Finallly. The light reaches through the darkness! Thank you soooooo much. Seems silly, but can you see how a virgin (one who has not successfully kept animals classified insecta through an entire life cycle, flies don't count) would wonder about that. Thanks again, have a great day!


----------



## Andrew (Sep 3, 2007)

No problem. Glad you understand.


----------



## OGIGA (Sep 3, 2007)

Everybody asks this and they can never find a satisfying answer using the search feature. We need to make a sticky.


----------



## Precious (Sep 3, 2007)

A sticky is a great idea! It's basic information, but even when you understand it there can be confusion as to qualifying the information. A sticky might serve to clarify once and for all. Does anyone know if other members of Insecta classification are referred to using L1, L2 as well, does it vary in Europe or Asia? Curiouser and curiouser!


----------



## Andrew (Sep 3, 2007)

Its often used for pretty much any insect that molts.

What do you mean by "does it vary"?


----------



## Precious (Sep 3, 2007)

As with metrics, the sciences use metrics wherever you are. Do bug people in other developed countries use L1 to represent first instar or something else? Is it universal? No big deal, just wondering if I might see it written yet another way.


----------



## Andrew (Sep 3, 2007)

Its pretty much universal, although some people use "I" instead of "L".


----------



## Rob Byatt (Sep 4, 2007)

In English speaking countries we SHOULD use the suffix 'instar'.

'L' is the abbreviation of Larven/_others_ (correct me if wrong Christian), a German word.

'L' is only used in these countries because the people that import the mantids from none English speaking countries DO NOT understand the meaning of 'L'.

Instar has been used for centuries by English speaking people; look in ANY respected entomological book and I guarantee that you will see NO reference to the prefix 'L'.

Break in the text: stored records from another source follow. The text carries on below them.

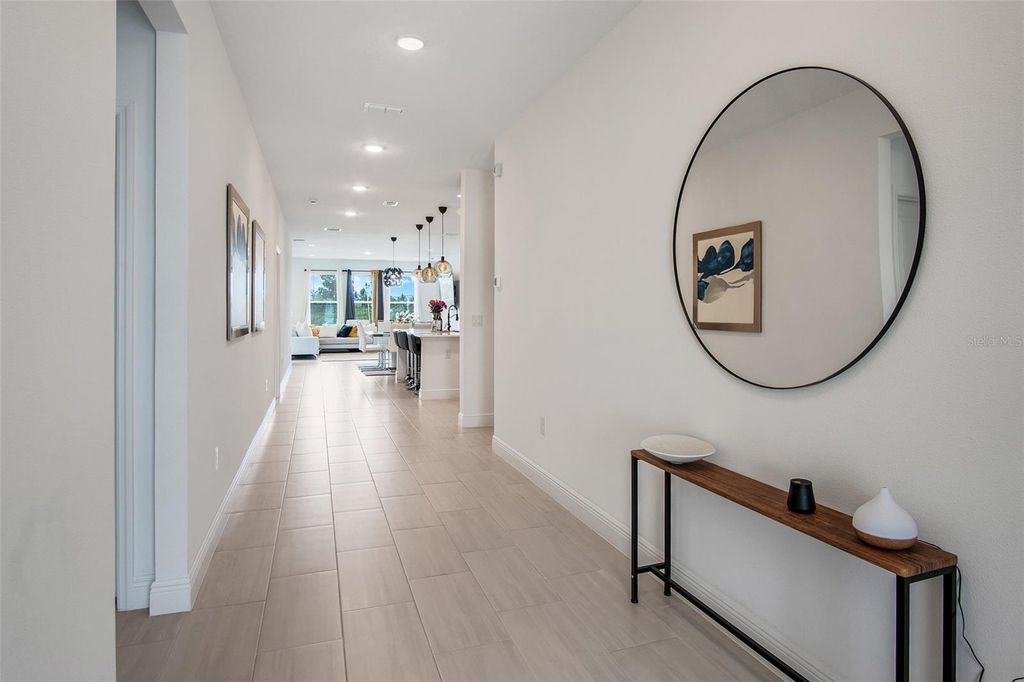 Image 5 of property listing at 18863 RAWSON STREET, Orlando, FL 32827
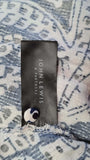 Women's Printed Dress Size 12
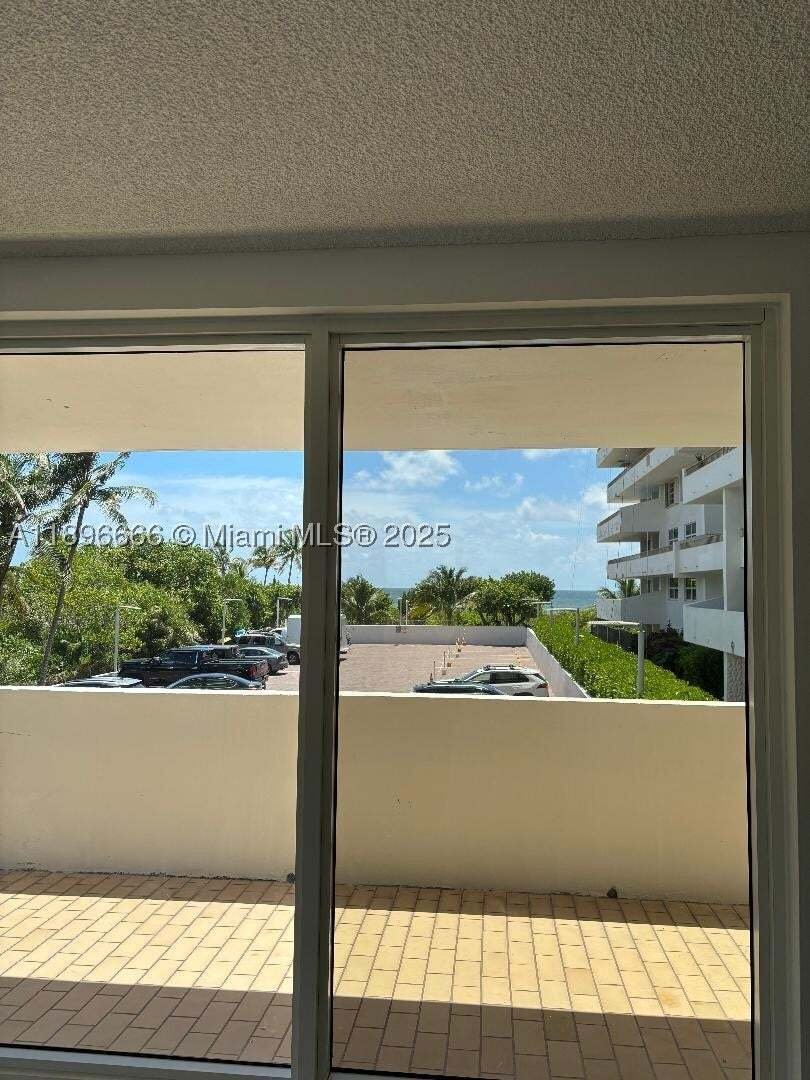 Eigentumswohnung in Key Biscayne, Florida, Vereinigte Staaten 4 - 16640427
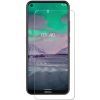 Стекло защитное Drobak Nokia 3.4 (232373) изображение 2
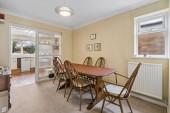 Images for Winchester Drive, Maidenhead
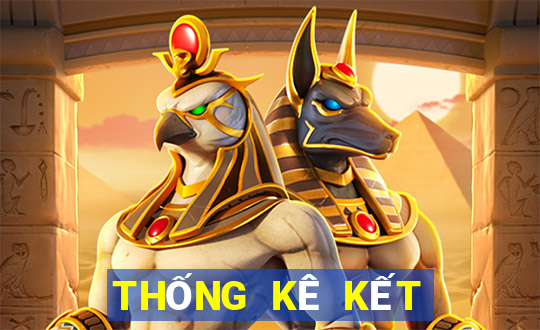 THỐNG KÊ KẾT QUẢ XSBINGO18 ngày 3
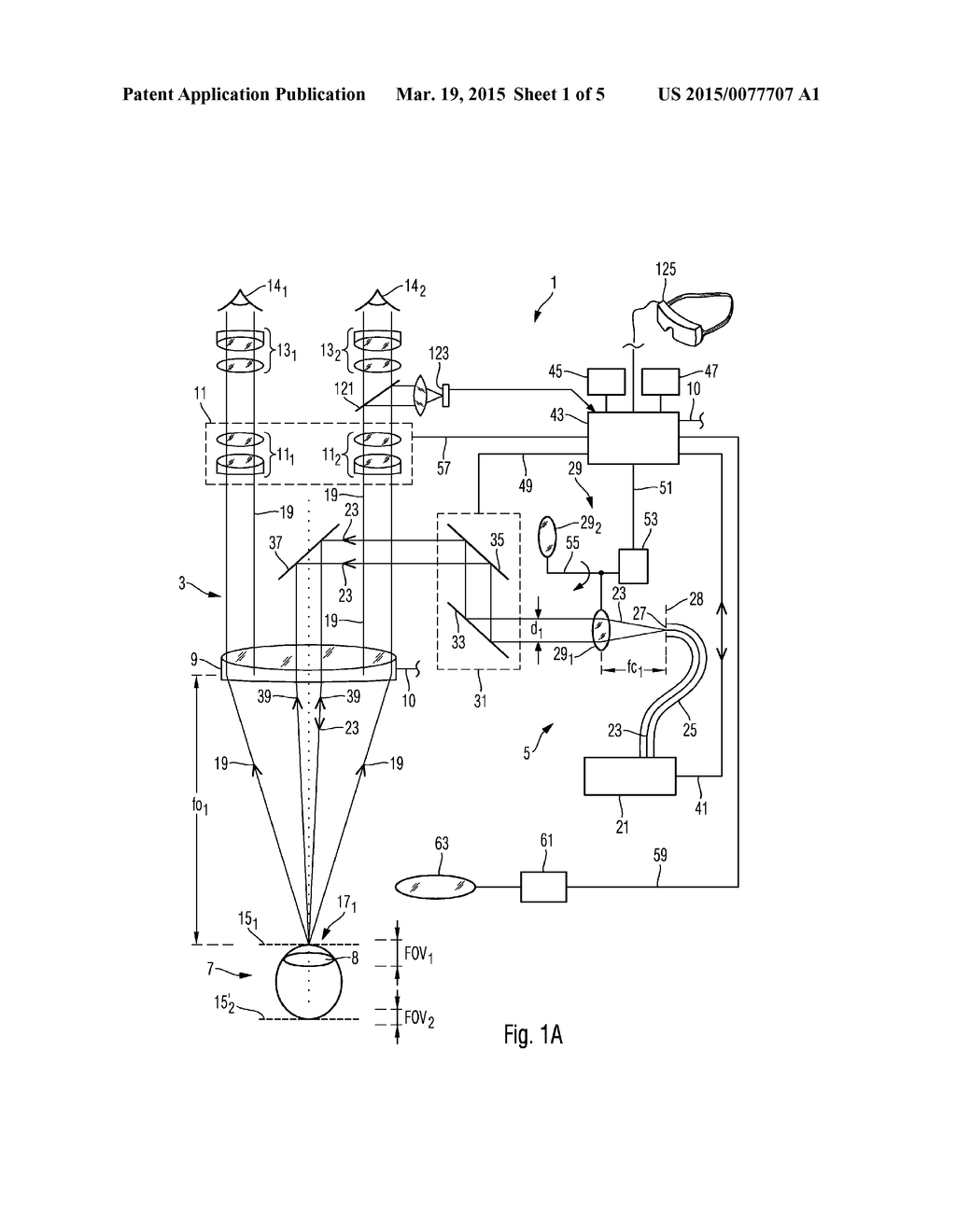 IMAGING SYSTEM - diagram, schematic, and image 02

I'll get off my soap box now :roll:

Rob.


----------



## OGIGA (Sep 4, 2007)

> Its pretty much universal, although some people use "I" instead of "L".


I've never seen anybody here use the "I" prefix...


----------



## Precious (Sep 4, 2007)

Thanks Rob. I've had experience with butterlies/moths and of course, maggots, and larvae is always referred in terms of instar. I've only seen one site that used "I" as opposed to "L" but my experience is primarily with US references. So much of this science, as with all, is disputed. As I'm sure you know, there is disagreement in all areas of taxonomy. It just depends on who you're talking to.

I couldn't nail down if a hatchling is a hatchling or, what is commonly reffered to on this site, an L1 and the answer eluded me on the internet. I get it now.


----------



## Christian (Sep 5, 2007)

Now, as I said at least three times, the German abbreviation "L" means "larval instar", NOT "larva". It is not used for adults/imagines or pupae.

The term L (plus a number) is not an entomologist one. It is used by hobbyists because it is shorter than the scientific term "first/second/etc. instar larva/nymph".

In mantids there is some confusion regarding the terminus of hatchlings: because of the embryonal cuticle some authors have used L2 for a hatchling, pretending that the ecclosion molt should be counted. It is just an envelope, though, protecting the larva during hatching, so hatschlings are indeed L1.

Regards,

Christian


----------



## yen_saw (Sep 5, 2007)

Think i need to use instar more often, i am just get use to the L term and being lazy  never too late to start i guess :wink:


----------



## Hypoponera (Sep 5, 2007)

Maybe we should consider using "N" for nymphal rather then "L" for larval. After all, mantids have nymphs, not larva.


----------



## Rob Byatt (Sep 6, 2007)

> Maybe we should consider using "N" for nymphal rather then "L" for larval. After all, mantids have nymphs, not larva.


Nope :roll: :wink: Nymphal stages already have a term - instars :wink:

The prefix 'L' is perfectly fine as an abbreviation; in Germany, France, etc.


----------



## Christian (Sep 6, 2007)

Hi.

We will not change the term anyway, it has established already. You can use what you want as long as you know what is meant by the "L".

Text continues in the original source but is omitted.